NOTICE OF

ANNUAL GENERAL MEETING

WEDNESDAY, 19 APRIL 2023

This document is important and requires your immediate attention.

If you are in any doubt as to the action you should take, you should consult your stockbroker, bank manager, solicitor, accountant or other professional advisor authorised pursuant to the Financial Services And Markets Act 2000 if you are in the United Kingdom or, if not, another appropriately authorised individual immediately.

If you have sold or transferred all of your shares please send this document, together with the other accompanying documents, at once to the purchaser or transferee, or to the stockbroker, bank or other agent through whom the sale or transfer was effected for transmission to the purchaser or transferee.

Registered Office

1st Floor,

75 King William Street,

London,

EC4N 7BE

Registered in England No. 3805979

27 January 2023

Dear Shareholder

Notice of annual general meeting

I am pleased to inform you that our 2023 Annual General Meeting ("AGM") is to be held at 75 King William Street, London, EC4N 7BE on Wednesday, 19 April 2023 at 11:30am. The formal notice of the AGM, particulars of the resolutions on which you can vote, and details of the administrative arrangements are set out in this circular.

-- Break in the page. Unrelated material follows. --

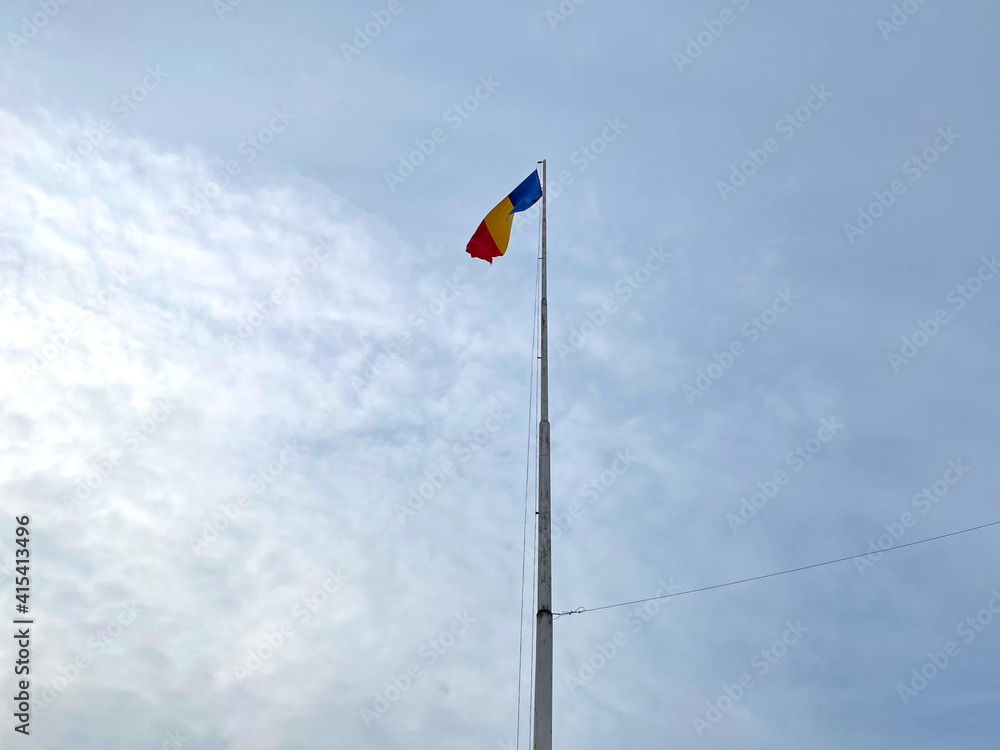 Naklejka premium The National flag of Romania winding on a blue sky background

If you are not able to come to the AGM in person, your vote is still important. You will recall that we previously stated that we would no longer be sending you a paper proxy but instead provide you with the means to vote electronically. I would therefore urge you to submit your vote online at www.sthreeshares.com, to be received by 11:30am on Monday, 17 April 2023. Submission of a proxy appointment will not prevent you from attending and voting at the AGM in person should you wish to do so. In the event that you do require a hard copy proxy form, please contact our Registrars, Link Group, whose details can be found in the notes to the notice of meeting.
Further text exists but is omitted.